XII. On vient de réimprimer dans les Transactions de l’Europe qu’à la bataille de Fontenoy nous chargions nos canons avec de gros morceaux de verre et des métaux venimeux ; que le général Campbell ayant été tué d’une de ces volées empoisonnées, le duc de Cumberland envoya au roi de France, dans un coffre, le verre et les métaux qu’on avait trouvés dans sa plaie ; qu’il mit dans ce coffre une lettre, dans laquelle il disait au roi que les nations les plus barbares ne s’étaient jamais servies de pareilles armes ; et que le roi frémit à la lecture de cette lettre. Il n’y a nulle ombre de vérité ni de vraisemblance à tout cela. On ajoute à ces absurdes mensonges que nous avons massacré de sang-froid les Anglais blessés qui restèrent sur le champ de bataille, tandis qu’il est prouvé par les registres de nos hôpitaux que nous eûmes soin d’eux comme de nos propres soldats. Ces indignes impostures prennent crédit dans plusieurs provinces de l’Europe, et servent d’aliment à la haine des nations[1].

XIII. Combien de mémoires secrets, d’histoires de campagnes, de journaux de toutes les façons, dont les préfaces annoncent l’impartialité la plus équitable, et les connaissances les plus parfaites ! On dirait que ces ouvrages sont faits par des plénipotentiaires à qui les ministres de tous les États et les généraux de toutes les armées ont remis leurs mémoires.

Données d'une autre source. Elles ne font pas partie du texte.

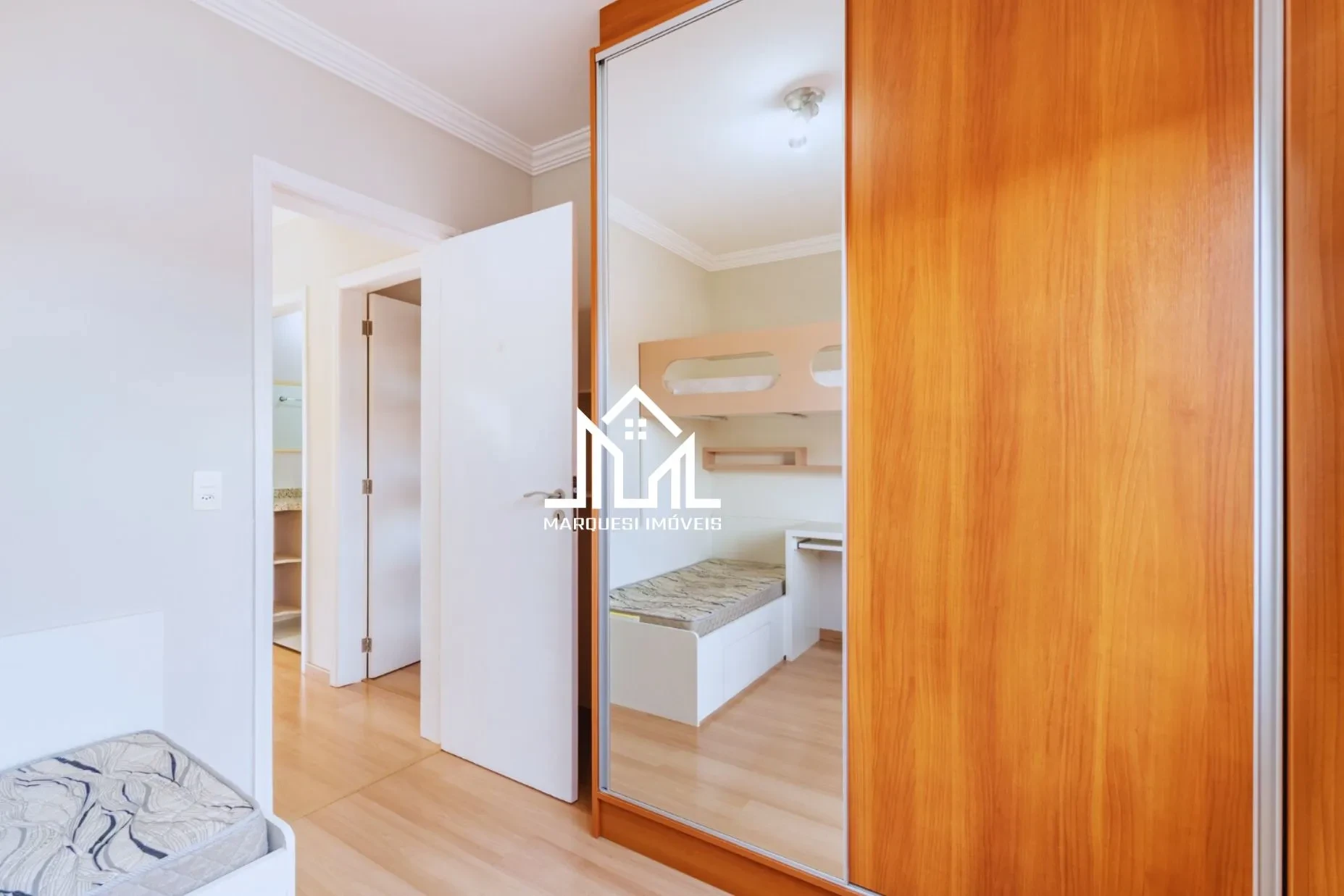 Imagem Casa de Condomínio com 3 Quartos à Venda, 162 m² em Bom Retiro - Curitiba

Entrez chez un de ces grands plénipotentiaires, vous trouverez un pauvre scribe en robe de chambre et en bonnet de nuit, sans meubles et sans feu, qui compile et qui altère des gazettes. Quelquefois ces messieurs prennent une puissance sous leur protection ; on sait le conte qu’on a fait d’un de ces écrivains, qui, à la fin d’une guerre, demanda une récompense à l’empereur Léopold pour lui avoir entretenu, sur le Rhin, une armée complète de cinquante mille hommes pendant cinq ans. Ils déclarent aussi la guerre, et font des actes d’hostilité ; mais ils risquent d’être traités en ennemis. Un d’eux, nommé Dubourg, qui tenait son bureau dans Francfort, y fut malheureusement arrêté par un officier de notre armée, en 1748, et conduit au mont Saint-Michel dans une cage. Mais cet exemple n’a point refroidi le magnanime courage de ses confrères.

XIV. Une des plus nobles supercheries et des plus ordinaires est celle des écrivains qui se transforment en ministres d’État et en seigneurs de la cour du pays dont ils parlent. On nous a donné une grande histoire de Louis XIV, écrite sur les mémoires

  1. Voyez une note du chapitre XV du Précis du Siècle de Louis XV.